Partitioning Benefits

// Without partitioning - causes shuffle
val rdd1 = sc.parallelize(data1)
val rdd2 = sc.parallelize(data2) 
val joined = rdd1.join(rdd2) // Shuffle occurs

// With partitioning - no shuffle
val partitioned1 = rdd1.partitionBy(new HashPartitioner(4))
val partitioned2 = rdd2.partitionBy(new HashPartitioner(4))
val joined = partitioned1.join(partitioned2) // No shuffle!

Best Practices

  • Use same partitioner for RDDs that will be joined frequently
  • Consider data distribution when choosing partition count
  • Partition early in your processing pipeline
  • Cache partitioned RDDs for reuse
  • Monitor partition sizes to avoid skew

Avoiding Common Pitfalls

// Bad: Losing partitioning
val partitioned = rdd.partitionBy(new HashPartitioner(4))
val mapped = partitioned.map(x => (x._1.toUpperCase, x._2)) // Loses partitioning!

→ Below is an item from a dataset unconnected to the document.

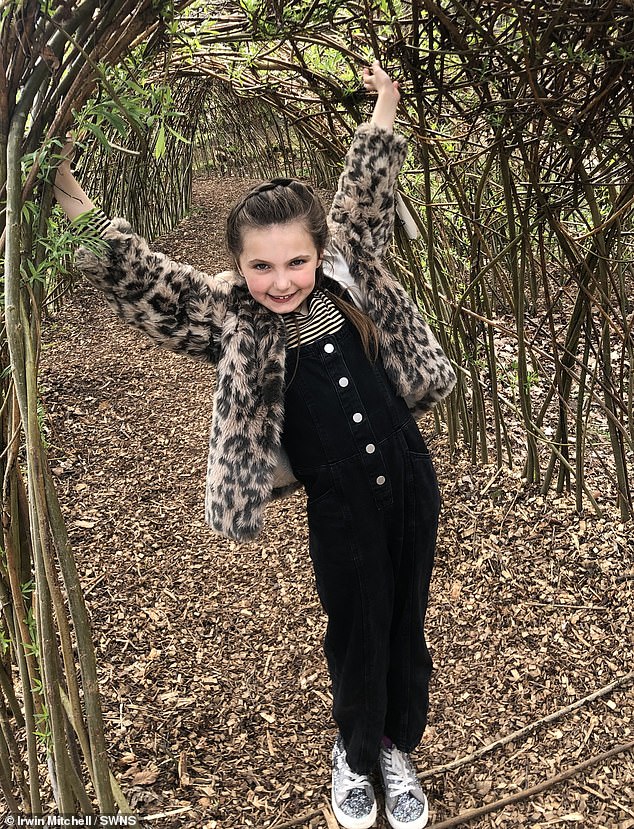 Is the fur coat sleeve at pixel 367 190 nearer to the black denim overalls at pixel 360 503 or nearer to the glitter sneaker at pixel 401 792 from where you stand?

// Good: Preserving partitioning
val mapped = partitioned.mapValues(_.toUpperCase) // Preserves partitioning

// Bad: Uneven partitions
val skewed = rdd.partitionBy(new BadPartitioner()) // Some partitions much larger

// Good: Balanced partitions
val balanced = rdd.partitionBy(new HashPartitioner(numPartitions))

Effective partitioning is crucial for Spark performance, reducing network overhead and enabling efficient distributed operations across your cluster.